[<prev] [next>] [<thread-prev] [thread-next>] [day] [month] [year] [list]
Message-ID: <49D9E81A.3070602@redhat.com>
Date: Mon, 06 Apr 2009 14:31:38 +0300
From: Izik Eidus <ieidus@...hat.com>
To: Nikola Ciprich <extmaillist@...uxbox.cz>
CC: kvm@...r.kernel.org, linux-kernel@...r.kernel.org
Subject: Re: [PATCH 0/4] ksm - dynamic page sharing driver for linux v2
Nikola Ciprich wrote:
> Hi Izik,
> Is there some user documentation available? (apart from RTFS?:))
> I've compiled kernel with v2 of Your patches, loaded ksm module,
> did echo 1 > /proc/sys/kernel/mm/ksm/run, but I think it didn't do
> anything, at least no pages were collected..
> Could You advise me a bit?
> thanks a lot in advance...
> I can't wait to try it on our hosts runing 50-60 KVMs :)
> BR
> nik
>
You need the userspace / kvm patchs that i posted together with V1 about
1-2 weeks ago...
What you should do is this:
Patch Linus kernel git with the ksm patchs (V2) (like you just did)
This patchs can be found at:
http://lkml.org/lkml/2009/4/4/77
Then patch Avi kernel git with the kvm patchs that were sent togather
with V1
Patchs can be found at:
http://lkml.org/lkml/2009/3/30/534
and then Avi git userspace with this patchs:
http://lkml.org/lkml/2009/3/30/538
Now, after you finish patching the kernel, load the kvm modules from avi
git, and then using patched userspace
you can start using ksm:
set up the speed: (just number, you can change them to make it take less
or more cpu)
echo 400 > /sys/kernel/mm/ksm/pages_to_scan
echo 10000 > /sys/kernel/mm/ksm/sleep
echo 1 > /sys/kernel/mm/ksm/run
Dont raise all the VMS at once, beacuse then KSM wont be able to catch
with the memory allocation...
Raise few VMS, see that their memory get shared and your host free
memory grow, then raise more VMS and so on...
Enjoy.
(You can check pages_shared for the number of pages that have been
shared, you can run top as well)
>
> On Sat, Apr 04, 2009 at 05:35:18PM +0300, Izik Eidus wrote:
>
>> From v1 to v2:
>>
>> 1)Fixed security issue found by Chris Wright:
>> Ksm was checking if page is a shared page by running !PageAnon.
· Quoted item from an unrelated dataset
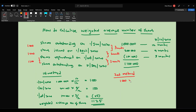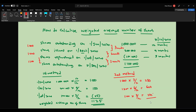Calculating: 1 million divided by 12 times 3 equals 250,000. Then 1.2 million divided by 12 times 6 equals 600,000. Finally, 1.1 million divided by 12 times 3 equals 275,000. The total is 1,125,000. These are the two ways to calculate the weighted average number of shares.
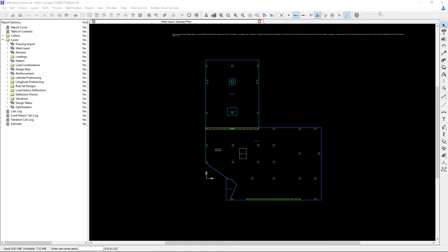Welcome to the Bentley Systems training course where you will learn how to design elevated reinforced concrete slabs in RAM Concept. At this point in our workflow we have already performed our preliminary calculation and we're ready to review the design status information.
>> Beacuse that Ksm scan only anonymous memory, all !PageAnons
>> inside ksm data strctures are shared page, however there might
>> be a case for do_wp_page() when the VM_SHARED is used where
>> do_wp_page() would instead of copying the page into new anonymos
>> page, would reuse the page, it was fixed by adding check for the
>> dirty_bit of the virtual addresses pointing into the shared page.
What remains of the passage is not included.